I don’t know how to instruct $lookup to iterate through all key-value pairs in the dictionary statements. Then, iterate through all items in the array stored in the value of the key-value pairs of statements and perform $lookup in the fields property and value.

[
  {
    _id: ObjectId('66b4f699c56a647e922202dd'),
    id: 'Q4',
    label: 'Algorithms in C++',
    statements: {
      P1: [
        {
          property: {'id': 'P1', 'label': 'main subject'}
          value: {'id': 'Q1', 'label': 'algorithm'}
        },
        {
          property: {'id': 'P1', 'label': 'main subject'}
          value: {'id': 'Q2', 'label': 'C++'}
        }
      ],
      P2: [
        {
          property: {'id': 'P2', 'label': 'language'}
          value: {'id': 'Q3', 'label': 'English'}
        }
      ]
    }
  }
]

I searched information on the Internet, but I only found examples that showed how to perform $lookup on explicit fields. I didn’t find examples on how to perform $lookup on an arbitrary number of fields.

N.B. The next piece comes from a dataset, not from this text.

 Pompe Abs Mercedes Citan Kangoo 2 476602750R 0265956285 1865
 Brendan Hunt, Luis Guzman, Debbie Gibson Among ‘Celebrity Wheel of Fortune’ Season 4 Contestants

I managed to do it on my own. Consider the following data:

db.properties.deleteMany({})
db.properties.insertMany([{'_id': 'P1', 'label': 'main subject'}])
db.properties.insertMany([{'_id': 'P2', 'label': 'language'}])
db.properties.insertMany([{'_id': 'P3', 'label': 'instance of'}])

db.items.deleteMany({});
db.items.insertMany([
  {'_id': 'Q1', 'label': 'algorithm'},
  {'_id': 'Q2', 'label': 'C++'},
  {'_id': 'Q3', 'label': 'English'},
  {'_id': 'Q4', 'label': 'written work'},
  {
    '_id': 'Q5',
    'label': 'Algorithms in C++',
    'statements': {
      'P1': [{'value': 'Q1'}, {'value': 'Q2'}],
      'P2': [{'value': 'Q3'}],
      'P3': [{'value': 'Q4'}]
    }
  },
]);

This is the query I came up with:

printjson(db.items.aggregate([
  // We use objectToArray so that afterwards we can unwind $statements.
  {
    $project: {
      statements: {
        $objectToArray: '$statements'
      }
    }
  },
  // We $unwind $statements so that we have an object for each
  // different property.
  {
    $unwind: "$statements"
  },
  // We $unwind $statements.v so that we have an object for each
  // different pair of property and value.
  {
    $unwind: "$statements.v"
  },
  // lookup properties
  {
    $lookup: {
      'from': 'properties',
      'localField': 'statements.k',
      'foreignField': '_id',
      'as': 'statements.k'
    }
  },
  // convert array to object in key "k"
  {
    $unwind: "$statements.k"
  },
  // lookup items
  {
    $lookup: {
      'from': 'items',
      'localField': 'statements.v.value',
      'foreignField': '_id',
      'as': 'statements.v'
    }
  },
  // convert array to object in key "v"
  {
    $unwind: "$statements.v"
  },
  // group by item id and property id
  {
    $group: {
      "_id": {
        "_id": "$_id",
        "property_id": "$statements.k._id"
      },
      "statements": {
        "$push": {
          "property": "$statements.k",
          "value": "$statements.v"
        }
      }
    }
  },
  // group by property id
  {
    $group: {
      "_id": "$_id._id",
      "statements": {
        "$push": {
          k: "$_id.property_id",
          v: "$statements"
        }
      }
    }
  },
  // make statements be an object
  {
    $project: {
      "statements": {
        $arrayToObject: "$statements"
      }
    }
  },
]))

output:

[
  {
    _id: 'Q5',
    statements: {
      P1: [
        {
          property: {
            _id: 'P1',
            label: 'main subject'
          },
          value: {
            _id: 'Q1',
            label: 'algorithm'
          }
        },
        {
          property: {
            _id: 'P1',
            label: 'main subject'
          },
          value: {
            _id: 'Q2',
            label: 'C++'
          }
        }
      ],
      P2: [
        {
          property: {
            _id: 'P2',
            label: 'language'
          },
          value: {
            _id: 'Q3',
            label: 'English'
          }
        }
      ],
      P3: [
        {
          property: {
            _id: 'P3',
            label: 'instance of'
          },
          value: {
            _id: 'Q4',
            label: 'written work'
          }
        }
      ]
    }
  }
]

This is the first time I write an aggregate query that involves more than 2 operations, so I wonder if there’s a shorter way to get the same output.